Additional embodiments of this disclosure comprise a computer system for carrying out the computer-implemented method of this disclosure. The computer system may comprise a processor for executing the computer-executable instructions, one or more electronic databases containing the data or information described herein, an input/output interface or user interface, and a set of instructions (e.g., software) for carrying out the method. The computer system can include a stand-alone computer, such as a desktop computer, a portable computer, such as a tablet, laptop, PDA, or smartphone, or a set of computers connected through a network including a client-server configuration and one or more database servers. The network may use any suitable network protocol, including IP, UDP, or ICMP, and may be any suitable wired or wireless network including any local area network, wide area network, Internet network, telecommunications network, Wi-Fi enabled network, or Bluetooth enabled network. In one embodiment, the computer system comprises a central computer connected to the internet that has the computer-executable instructions stored in memory that is operably connected to an internal electronic database. The central computer may perform the computer-implemented method based on input and commands received from remote computers through the internet. The central computer may effectively serve as a server and the remote computers may serve as client computers such that the server-client relationship is established, and the client computers issue queries or receive output from the server over a network.

The input/output interfaces may include a graphical user interface (GUI) which may be used in conjunction with the computer-executable code and electronic databases. The graphical user interface may allow a user to perform these tasks through the use of text fields, check boxes, pull-downs, command buttons, and the like. A skilled artisan will appreciate how such graphical features may be implemented for performing the tasks of this disclosure. The user interface may optionally be accessible through a computer connected to the internet. In one embodiment, the user interface is accessible by typing in an internet address through an industry standard web browser and logging into a web page. The user interface may then be operated through a remote computer (client computer) accessing the web page and transmitting queries or receiving output from a server through a network connection.

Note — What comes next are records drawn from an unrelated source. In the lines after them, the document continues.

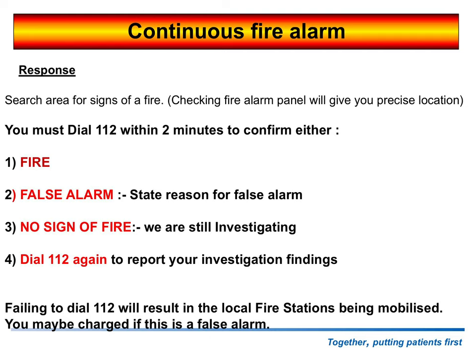You must dial 112 within two minutes. Last year we had 119 fire alarms activated, and of those 119 fire alarms, only 10 departments dialed 112. If you've got a fire, dial 112. If it's a false alarm, dial 112. It's a key number in this trust. Remember, outside the trust it's 999, but inside the trust the key number is 112 — we must be dialing that as soon as possible.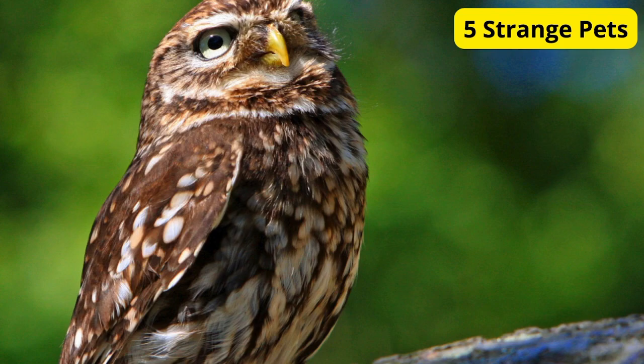Hey there, animal lovers. Welcome back to our channel. Today, we're diving into the fascinating world of unusual pets, creatures that you might not typically find in your neighbor's backyard. From exotic insects to unconventional mammals, these five strange pets are sure to pique your curiosity. So, if you're ready to meet some extraordinary companions, let's jump right in.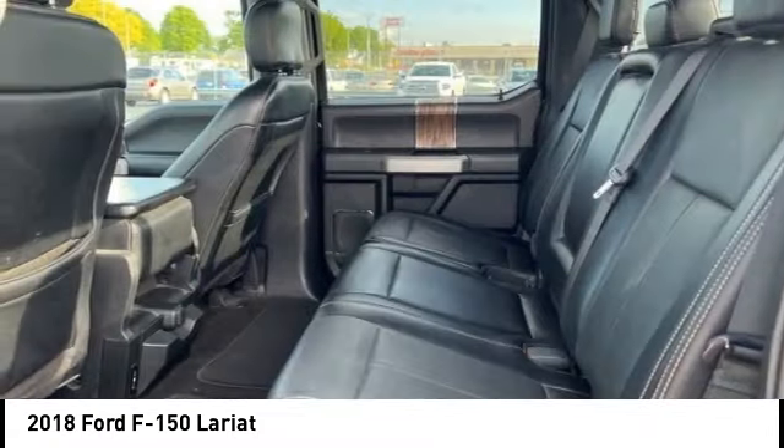If you like it online, you'll love it in your driveway. Take it for a spin today.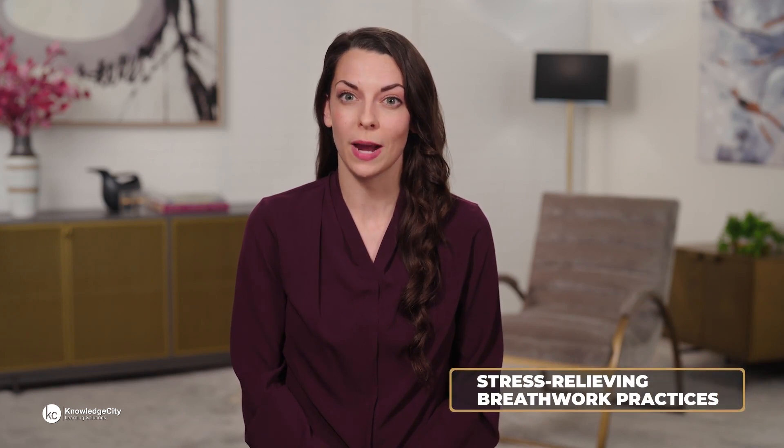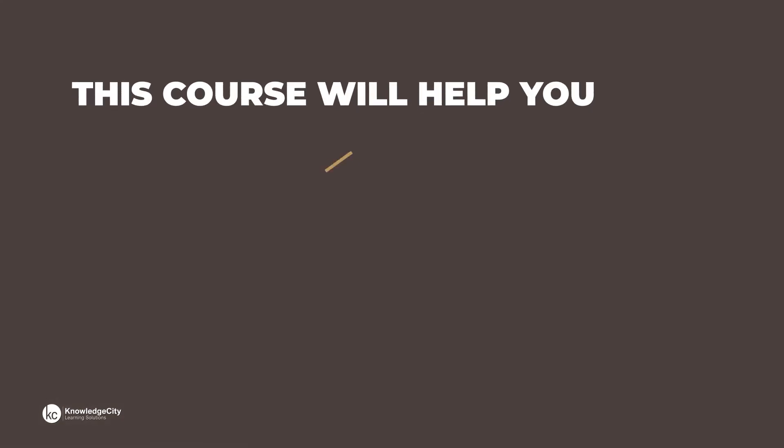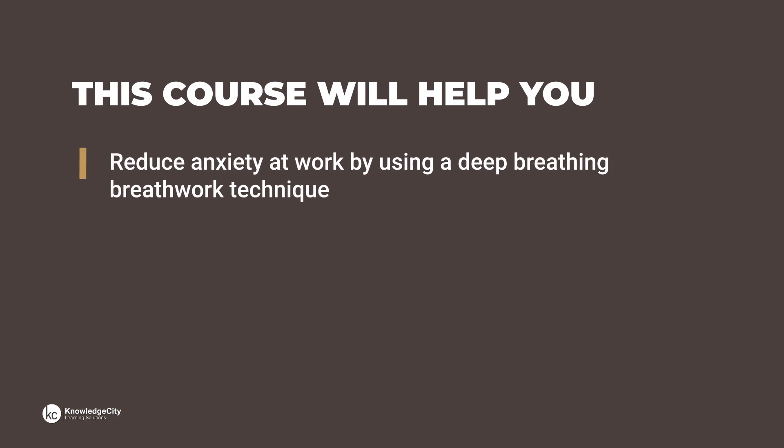Welcome to Knowledge City's course, Stress Relieving Breathwork Practices. This course will help you reduce anxiety at work by using a deep breathing breathwork technique.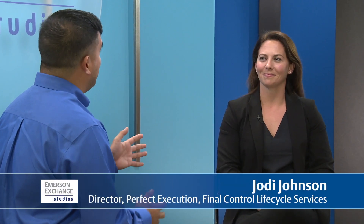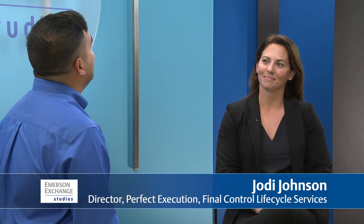Hello and welcome to Emerson Exchange Studios. I'm Eric Poggi-Sumangel. Joining me in studio is Jody Johnson from Emerson. She's Director of Perfect Execution for Final Control Lifecycle Services. Welcome, Jody. Thank you.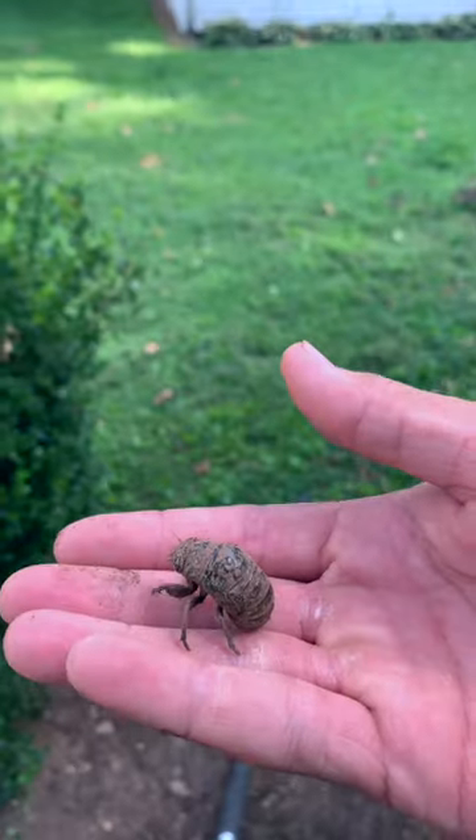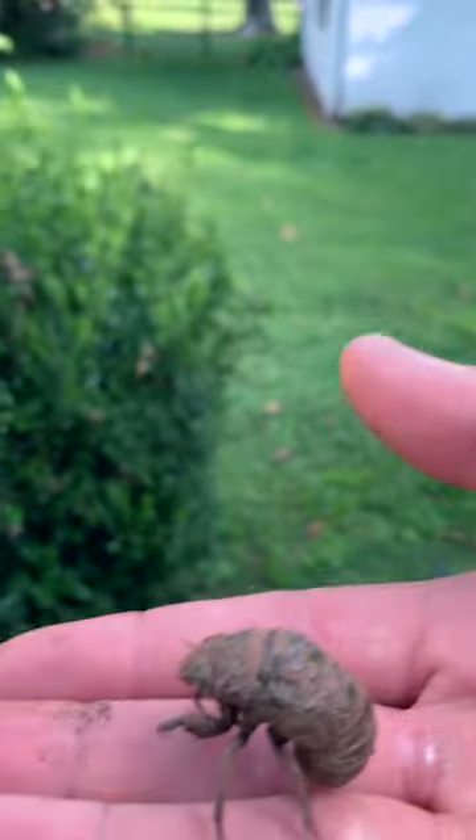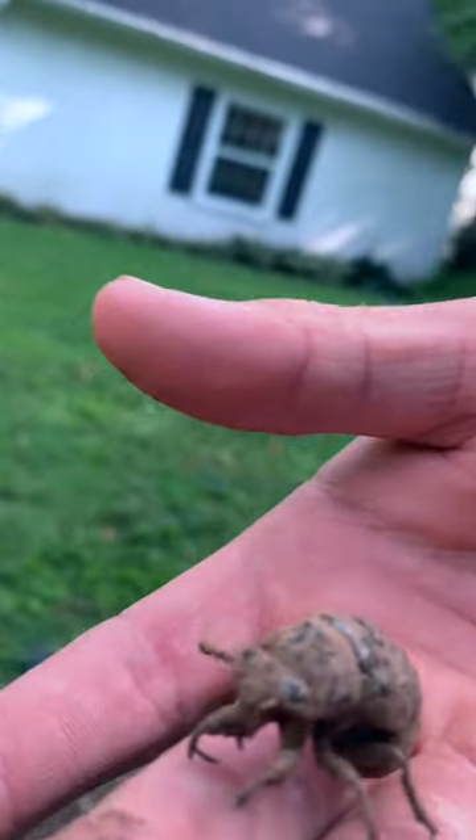Cicadas are those insects that make all that noise in the summertime. So this little guy is what hatches from cicada eggs. This guy lives in the ground for at least a year, depending on the species, up to 17 years, and eats on plant roots for its nutrients.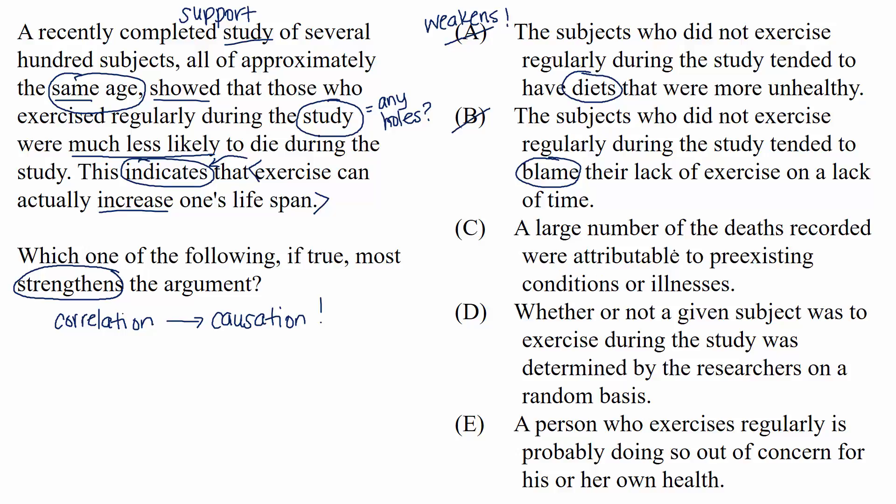Choice C: a large number of the deaths recorded were attributable to pre-existing conditions or illnesses. This is a lot like choice A because it weakens the argument by giving a different reason people could have died during the study. Maybe it wasn't lack of exercise — maybe the people who didn't exercise were already unhealthier than those who did exercise regularly. So this is a weakener.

The foregoing description of the specific embodiments so fully reveals the general nature of the invention that others can, by applying knowledge within the skill of the relevant art(s) (including the contents of the documents cited and incorporated by reference herein), readily modify and/or adapt for various applications such specific embodiments, without undue experimentation, without departing from the general concept of the present invention. Such adaptations and modifications are therefore intended to be within the meaning and range of equivalents of the disclosed embodiments, based on the teaching and guidance presented herein.

The present invention has been described with reference to particular embodiments having various features. In light of the disclosure provided above, it will be apparent to those skilled in the art that various modifications and variations can be made in the practice of the present invention without departing from the scope or spirit of the invention. One skilled in the art will recognize that the disclosed features may be used singularly, in any combination, or omitted based on the requirements and specifications of a given application or design. When an embodiment refers to “comprising” certain features, it is to be understood that the embodiments can alternatively “consist of” or “consist essentially of” any one or more of the features. Other embodiments of the invention will be apparent to those skilled in the art from consideration of the specification and practice of the invention.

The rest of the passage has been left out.